O Christmas Tree! O Christmas Tree!

Elizabeth Marenzi —  20/12/2013

The pine tree—decorated with luxe swathes of red, green and gold tinsel, bells, beads and baubles, sweetly scenting the house—is one of my favourite things about Christmas.

My Christmas tree.

Oh Christmas tree, Oh Christmas tree, Much pleasure do you bring me!

For me, it’s the role of the pine tree during the festive season that makes me love it.

Another good (if not quite so romantic) reason to love the pine is its contribution to our economy—as a stalwart of our forestry industry.
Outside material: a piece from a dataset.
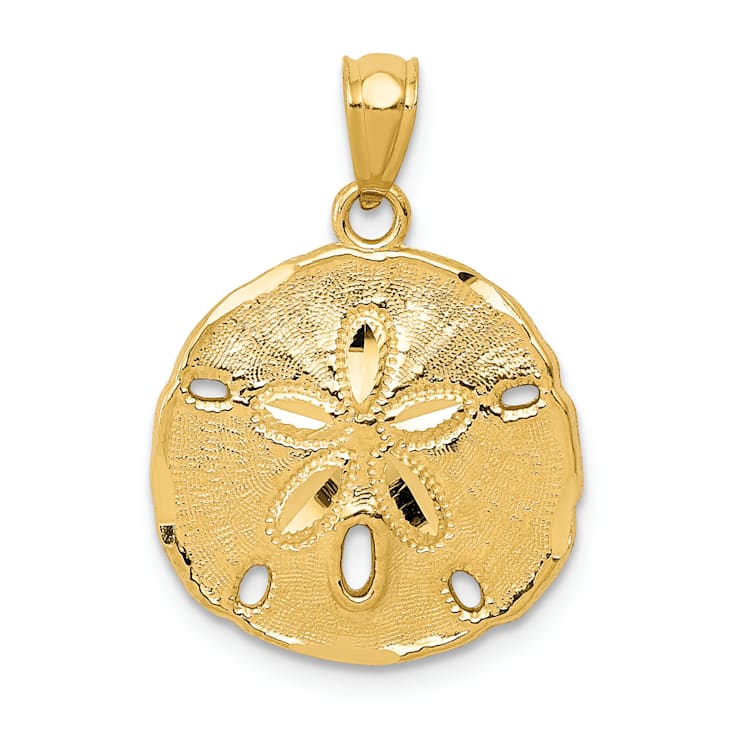 14k Yellow Gold Polished and Textured Large Sand Dollar Pendant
Mangakino, Waikato, NZ. Photo: Sarah Macmillan (CC BY-NC-SA 2.0)

Timber country. Photo: Sarah Macmillan

And our appreciation of pine is reciprocated—they flourish in the favourable conditions New Zealand provides for them.

So, while the mutual benefits of the relationship are undeniable, its not all roses (or should I say pine cones?) Because pines have, in fact, become a nuisance in many parts of the country, springing up uninvited, like that snotty nosed kid from down the street (that’s just poetic licence of course—the kids in my neighbourhood are all, without exception, delightful creatures).

These gatecrashers are called wilding pines. They compete for space with our native trees and plants, but provide none of the advantages, such as berries and nectar, to encourage bird life and insects. Their pine needles form a carpet, discouraging regeneration of native plant species. Aesthetically, wilding pines change our landscape.

The rapid invasion of Pinus nigra into well grazed highcountry pasture. Google Earth shows this area almost completely free of pines in 2006.

Rapid invasion: Google Earth shows this area of highcountry pasture almost completely free of pines in 2006. Photo: Jon Sullivan

DOC is responsible for wilding tree infestations on public conservation land but are by no means the only ones taking action.

Manu, Rachel, and Jenny deal to a wilding pine in the Tekapo Scientific Reserve. Photo: Jon Sullivan (CC BY-NC 2.0).

Students dealing to a wilding pine in the Tekapo Scientific Reserve.
Photo: Jon Sullivan

Some trampers and hunters carry little folding saws to cut down small wilding pines. If you do this, it’s important to cut down the whole tree stump and not leave any branches or green needles behind (so I’m told—I really don’t have personal experience or expertise on this!). Extremely small seedlings can be pulled out by hand which is very effective as there is no risk of re-growth.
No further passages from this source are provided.